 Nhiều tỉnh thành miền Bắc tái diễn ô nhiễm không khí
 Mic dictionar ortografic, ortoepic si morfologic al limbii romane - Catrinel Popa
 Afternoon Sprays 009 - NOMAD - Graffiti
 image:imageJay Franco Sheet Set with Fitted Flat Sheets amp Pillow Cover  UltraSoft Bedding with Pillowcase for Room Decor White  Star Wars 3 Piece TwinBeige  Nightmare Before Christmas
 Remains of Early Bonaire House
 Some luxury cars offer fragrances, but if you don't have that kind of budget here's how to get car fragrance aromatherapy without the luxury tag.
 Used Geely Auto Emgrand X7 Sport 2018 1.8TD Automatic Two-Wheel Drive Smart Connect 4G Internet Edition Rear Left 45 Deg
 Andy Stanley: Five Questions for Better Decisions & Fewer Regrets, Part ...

-*-*-

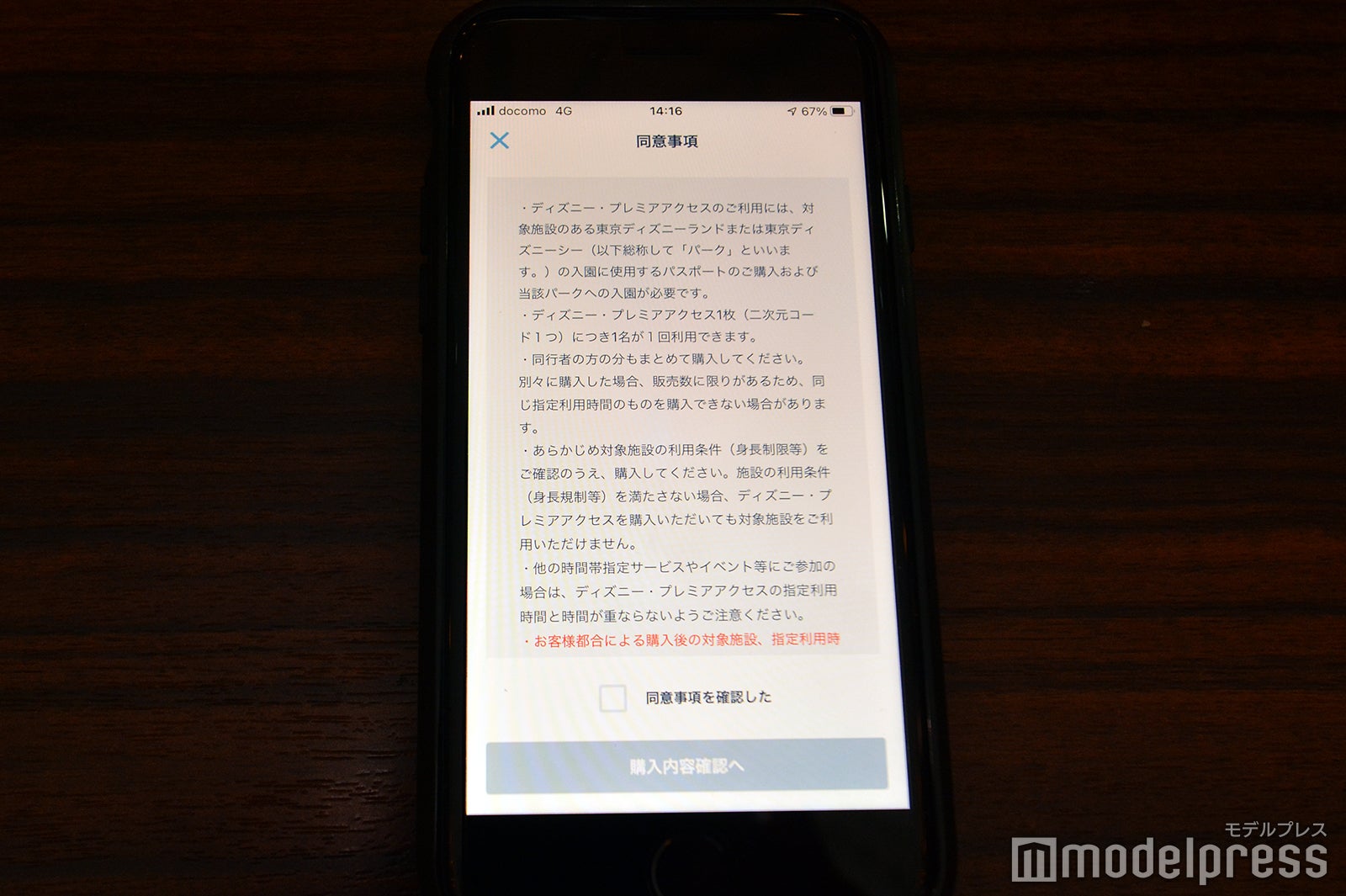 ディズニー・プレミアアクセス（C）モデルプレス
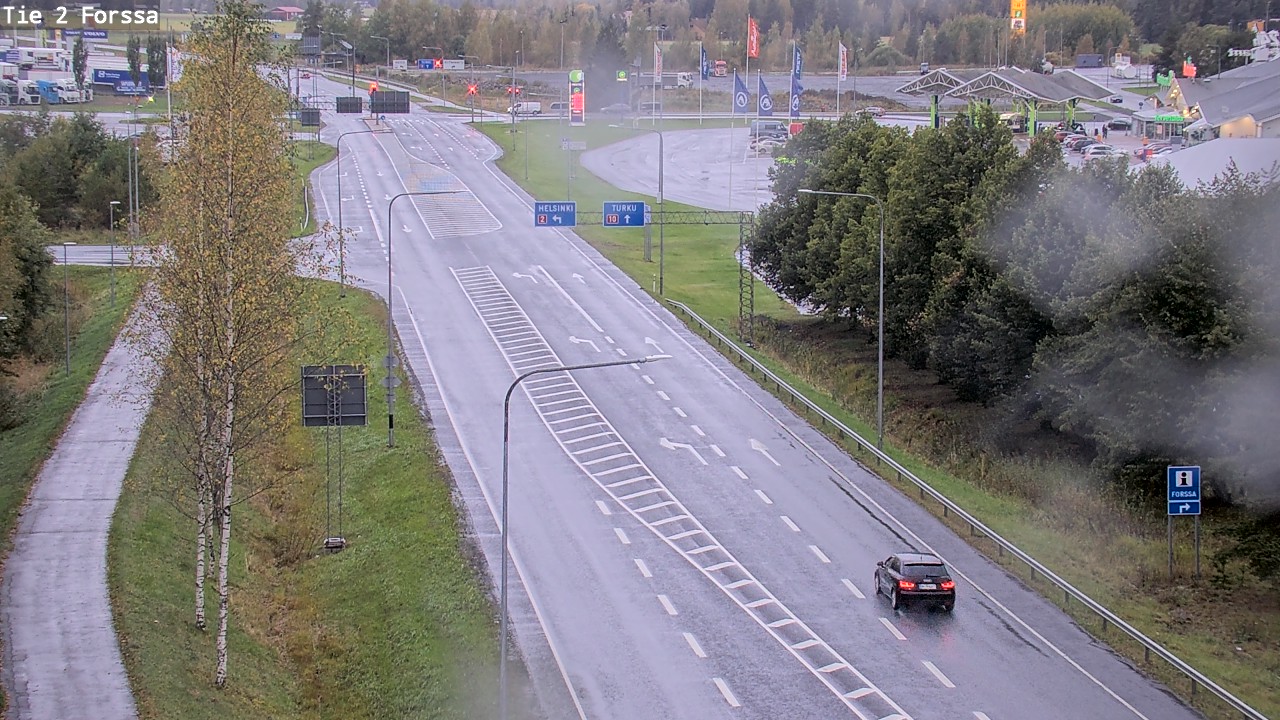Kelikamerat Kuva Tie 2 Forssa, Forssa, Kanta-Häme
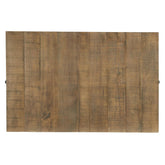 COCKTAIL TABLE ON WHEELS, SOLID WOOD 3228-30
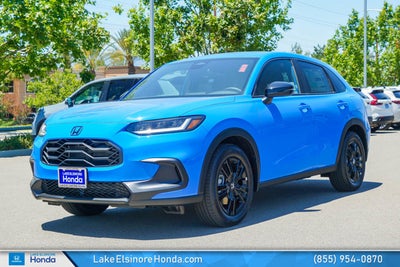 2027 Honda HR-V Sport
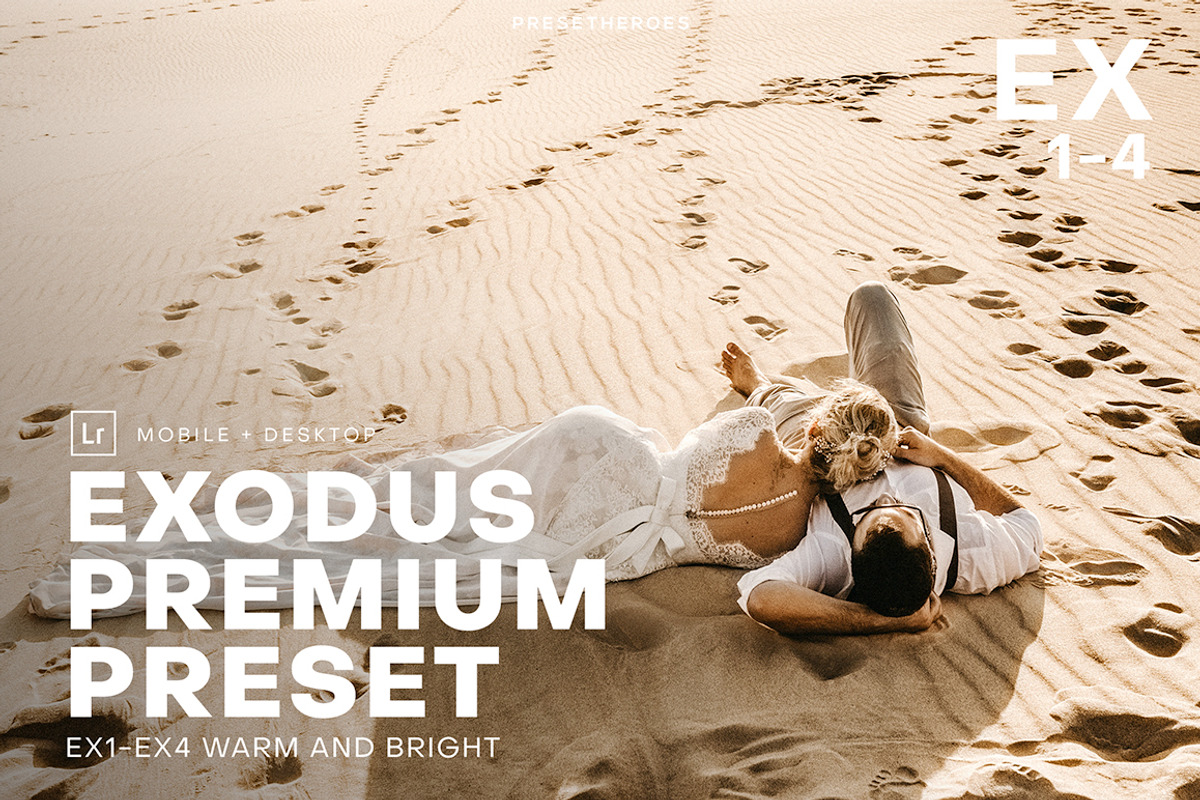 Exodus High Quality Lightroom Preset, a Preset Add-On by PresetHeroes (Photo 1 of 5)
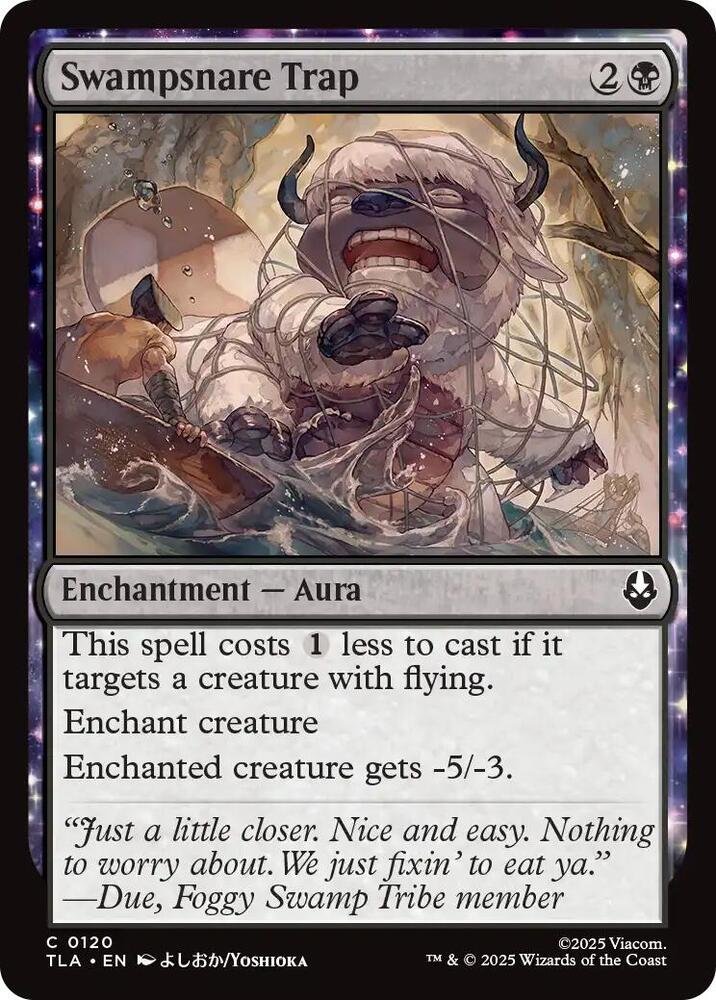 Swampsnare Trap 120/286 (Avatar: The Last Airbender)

-*-*-

Everything above from the line containing "Some luxury cars" through the line containing "Andy Stanley: Five" must be copied exactly. Nothing outside that range belongs in the answer.

→ Task output:
 Some luxury cars offer fragrances, but if you don't have that kind of budget here's how to get car fragrance aromatherapy without the luxury tag.
 Used Geely Auto Emgrand X7 Sport 2018 1.8TD Automatic Two-Wheel Drive Smart Connect 4G Internet Edition Rear Left 45 Deg
 Andy Stanley: Five Questions for Better Decisions & Fewer Regrets, Part ...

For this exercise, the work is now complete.